Ceviche, it's great...


----------



## Bocefus (Apr 19, 2010)

Silly question, whats a sea monkey? Never heard of such.


----------



## sleepyhead (Apr 30, 2004)

Whiting, sea mullet... The ceviche sounds interesting.. Can you post your recipe?


----------



## dirtyhandslopez (Nov 17, 2006)

Try just shallow frying in olive oil. Brings up the good cholesteral, lowers bad cholesteral, last time my doctor ran a test she freaked, (in a good way) at the levels...
It's not that a sea monkey filet is thick, so just quick fry on one side, flip and done. 
I understand that doesn't answer you original question, but if the healthyness is the concern, olive oil is the way to go. Grill in some tin foil with olive oil, bit of salt and peepr, boom!, done, if heat in the house in the summer is the concern.
Not to big on covering up the flavor of fish, might as well go to Capn' D's if fish flavor is the concern.
Catch a pile Neil?


----------



## wdbrand (May 24, 2007)

dirty, I've been saying it for years. Nothing beats the natural taste of fresh caught fish. Natural being fried. If you don't like the taste of fish, then why try to make up a chef Tell recipe and try to make it taste like something else, mainly a spice rack.


----------



## Finger_Mullet (Aug 19, 2005)

I broil a lot of fish. I generally fry whiting but I guarantee it will be good cooked like this:

Brush fillets with olive oil. Sprinkle on a little Old Bay or seasoning of your choice.

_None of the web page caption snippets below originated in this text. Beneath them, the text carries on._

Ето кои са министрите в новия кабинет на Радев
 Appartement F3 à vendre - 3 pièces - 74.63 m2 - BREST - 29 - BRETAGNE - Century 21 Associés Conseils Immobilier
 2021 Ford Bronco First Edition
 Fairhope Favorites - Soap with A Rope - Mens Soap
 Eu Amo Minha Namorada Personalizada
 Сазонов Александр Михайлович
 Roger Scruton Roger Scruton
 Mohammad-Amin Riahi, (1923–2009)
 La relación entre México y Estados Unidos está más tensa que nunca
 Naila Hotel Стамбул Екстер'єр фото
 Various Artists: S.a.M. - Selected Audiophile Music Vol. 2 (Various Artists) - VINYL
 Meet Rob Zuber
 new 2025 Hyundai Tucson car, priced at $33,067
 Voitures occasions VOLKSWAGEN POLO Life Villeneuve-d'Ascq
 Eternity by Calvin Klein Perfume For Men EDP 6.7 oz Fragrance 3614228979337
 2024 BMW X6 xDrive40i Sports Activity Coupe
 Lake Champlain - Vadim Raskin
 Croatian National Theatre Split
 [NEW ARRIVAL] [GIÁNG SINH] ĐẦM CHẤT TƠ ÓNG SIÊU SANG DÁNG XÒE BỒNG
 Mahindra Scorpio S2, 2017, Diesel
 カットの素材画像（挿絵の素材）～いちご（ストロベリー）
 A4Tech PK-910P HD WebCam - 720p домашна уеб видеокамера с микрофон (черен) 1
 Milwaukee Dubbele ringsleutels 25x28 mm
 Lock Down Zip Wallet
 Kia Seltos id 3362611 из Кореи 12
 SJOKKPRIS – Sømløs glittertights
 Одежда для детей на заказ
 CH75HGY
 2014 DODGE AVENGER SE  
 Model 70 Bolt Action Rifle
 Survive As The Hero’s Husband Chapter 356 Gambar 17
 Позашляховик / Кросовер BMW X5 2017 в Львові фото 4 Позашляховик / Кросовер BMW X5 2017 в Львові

Put in baking pan. Boil until almost done. Put a little honey on the fillets and put back in the oven and cook until done. Take out and enjoy. 

Darin


----------



## surfmom (Nov 3, 2012)

melted butter a good dry rub with a little added cayenne a little lemon, cook on grill crisp up skin and eat including tail...yum! (just did this tonight)


----------